Background & Summary

Soybean [Glycine max (L.) Merr.], considered as the source of high-quality sugar, protein, and oil, is one of the most important crops worldwide1. Soybean aphid (SBA), Aphis glycines Matsumura (Hemiptera: Aphididae) and soybean cyst nematode (SCN), Heterodera glycines Ichinohe (Tylenchida: Heteroderidae) are the two most economically important pests of soybean in the Midwestern United States2,3. Soybean aphid, an aboveground herbivore (pest), feeds on phloem sap whereas SCN, a belowground pest, infests the soybean roots. These infestations can co-occur and amplify further reduction in soybean yield4,5. In the United States, annual economic losses due to the SBA and SCN have been estimated to be approximately $4 billion and $1.3 billion, respectively6,7,8. To counteract these devastating pests, farmers rely on various management strategies that include host plant resistance and chemical measures9,10,11. For SBA, dependency on the use of chemical management has resulted in pyrethroid resistance in SBA populations in Iowa, Minnesota, North Dakota and South Dakota as well as the impacts on non-target beneficial organisms12,13. In addition, the long-term use of SCN resistance has resulted in SCN populations that are capable of overcoming the resistance genes (i.e., HG types)14. Although host plant resistance has not been implemented on a large scale for SBA management, multiple virulent SBA biotypes have been discovered in the U.S. Virulent SBA biotypes and SCN races threaten the sustainability of host plant resistance for these two pests14,15,16,17. Thus, genetic data generated from greenhouse experiments on the effects of SBA and SCN on soybean cultivars are of tremendous importance for unraveling resistance genes and regulatory networks that can potentially be used for developing durable resistance in soybean to both pests.

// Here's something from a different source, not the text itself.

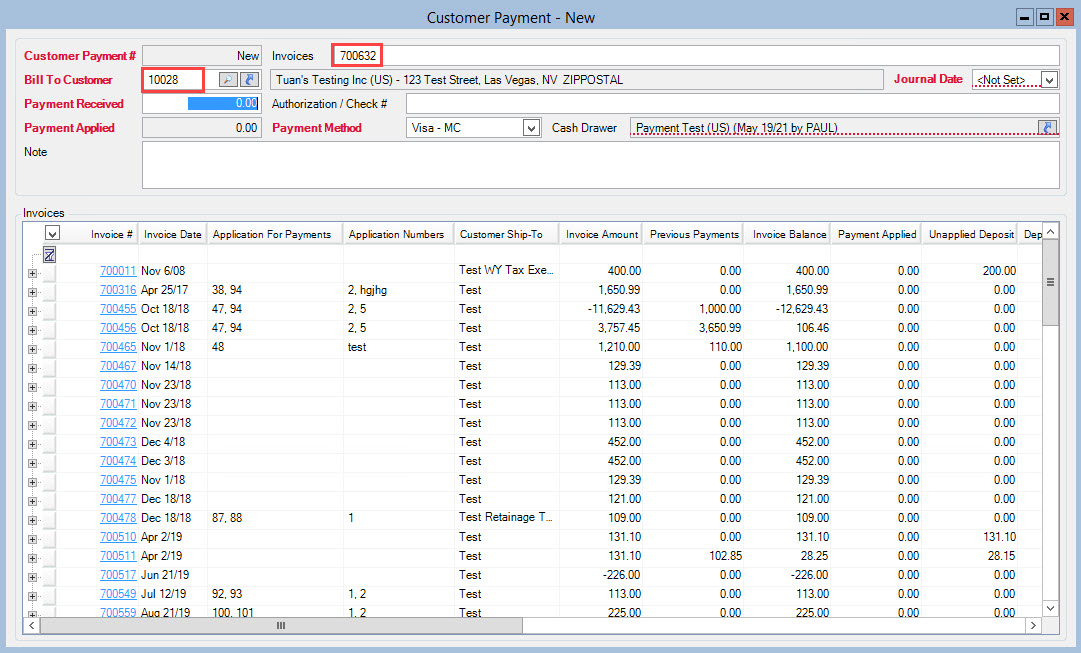 Customer Payment window; shows the location of the Invoices field and Bill To Customer field.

Although above- and below- ground herbivores are spatially segregated, they both share the host plant through systemic tissues and are able to influence each other18. Previously, the influence of SCN on soybean aphid infestation or vice versa has been studied on soybean using demographic datasets4,5,19,20,21. McCarville, et al.4 conducted experiments on various soybean cultivars [SCN susceptible (DK 28–52, IA 3018, IA 3041) and SCN resistant (DK 27–52, AG 2821 V, IA 3028)] to understand the effect of SBA, SCN, and fungus Cadophora gregata (Allington & Chamberlain) Harrington & McNew on soybean. Their study showed 5.24 times increase in SCN reproduction in the presence of soybean aphid and the fungus. In contrast, the aphid population decreased by 26.4% in the presence of SCN and C. gregata and the aphid exposure reduced by 19.8% in SCN resistant cultivars. Later, McCarville, et al.5 demonstrated the relationship between the aboveground feeding of soybean aphid and belowground reproduction of SCN in the SCN resistant Dekalb 27–52 (PI 88788 derived) cultivar, and SCN susceptible Kenwood 94 cultivar. In 30 days, both SCN eggs and the number of females increased by 33% in SCN-resistant cultivar and reduced by 50% in the SCN-susceptible cultivar. In 60 days, the number of SCN eggs and female count remained unaffected in the resistant cultivar but decreased in the susceptible cultivar. The authors concluded that soybean aphid feeding improved the quality of soybean as a host for SCN but this result was varied significantly with the cultivar and length of the experiment. Apart from these demographic studies, molecular characterization of SBA-SCN-soybean interaction has not been reported previously.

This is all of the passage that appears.